Brief descriptive captions
____________
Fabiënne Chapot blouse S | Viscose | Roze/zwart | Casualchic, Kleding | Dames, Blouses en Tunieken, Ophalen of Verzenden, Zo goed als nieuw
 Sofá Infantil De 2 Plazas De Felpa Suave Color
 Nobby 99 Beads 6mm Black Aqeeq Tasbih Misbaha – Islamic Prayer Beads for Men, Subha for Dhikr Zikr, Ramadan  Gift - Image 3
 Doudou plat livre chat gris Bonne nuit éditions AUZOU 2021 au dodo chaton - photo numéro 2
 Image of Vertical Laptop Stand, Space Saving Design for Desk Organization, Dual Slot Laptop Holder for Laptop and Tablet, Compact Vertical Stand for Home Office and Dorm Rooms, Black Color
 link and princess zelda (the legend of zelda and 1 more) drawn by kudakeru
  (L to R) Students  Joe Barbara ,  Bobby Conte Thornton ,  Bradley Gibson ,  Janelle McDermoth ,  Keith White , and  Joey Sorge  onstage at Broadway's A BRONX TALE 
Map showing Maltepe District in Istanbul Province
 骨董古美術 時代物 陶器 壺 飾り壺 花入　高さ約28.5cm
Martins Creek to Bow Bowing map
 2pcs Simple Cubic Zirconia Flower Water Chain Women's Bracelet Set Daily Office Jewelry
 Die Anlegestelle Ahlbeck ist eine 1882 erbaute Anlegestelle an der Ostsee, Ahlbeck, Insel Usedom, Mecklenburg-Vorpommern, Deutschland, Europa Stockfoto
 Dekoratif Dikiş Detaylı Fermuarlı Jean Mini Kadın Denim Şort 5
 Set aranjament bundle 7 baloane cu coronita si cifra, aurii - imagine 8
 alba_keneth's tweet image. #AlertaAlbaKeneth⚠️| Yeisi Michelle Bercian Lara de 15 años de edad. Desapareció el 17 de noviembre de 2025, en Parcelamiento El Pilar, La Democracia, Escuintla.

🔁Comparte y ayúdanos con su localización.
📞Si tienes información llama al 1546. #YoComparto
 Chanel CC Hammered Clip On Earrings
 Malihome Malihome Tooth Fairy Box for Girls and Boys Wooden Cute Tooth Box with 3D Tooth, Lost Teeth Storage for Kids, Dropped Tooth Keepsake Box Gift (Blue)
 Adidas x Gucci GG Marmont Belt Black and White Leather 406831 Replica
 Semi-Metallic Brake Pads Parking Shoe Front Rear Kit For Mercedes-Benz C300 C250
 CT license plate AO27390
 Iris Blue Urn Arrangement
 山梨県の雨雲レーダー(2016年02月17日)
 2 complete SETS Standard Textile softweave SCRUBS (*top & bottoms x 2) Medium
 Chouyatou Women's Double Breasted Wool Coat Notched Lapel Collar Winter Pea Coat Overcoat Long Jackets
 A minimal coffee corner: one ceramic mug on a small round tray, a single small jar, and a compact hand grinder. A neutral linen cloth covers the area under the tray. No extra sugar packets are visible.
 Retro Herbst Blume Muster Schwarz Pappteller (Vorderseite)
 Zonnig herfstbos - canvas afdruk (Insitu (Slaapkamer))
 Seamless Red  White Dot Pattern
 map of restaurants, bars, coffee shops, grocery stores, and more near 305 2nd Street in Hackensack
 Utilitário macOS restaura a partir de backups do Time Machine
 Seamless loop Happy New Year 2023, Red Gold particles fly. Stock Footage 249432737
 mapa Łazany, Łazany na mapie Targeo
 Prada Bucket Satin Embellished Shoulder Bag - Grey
____________
_Work instructions_
Show all lines from the entries that hold "Color".

_Solution_
 Sofá Infantil De 2 Plazas De Felpa Suave Color
 Image of Vertical Laptop Stand, Space Saving Design for Desk Organization, Dual Slot Laptop Holder for Laptop and Tablet, Compact Vertical Stand for Home Office and Dorm Rooms, Black Color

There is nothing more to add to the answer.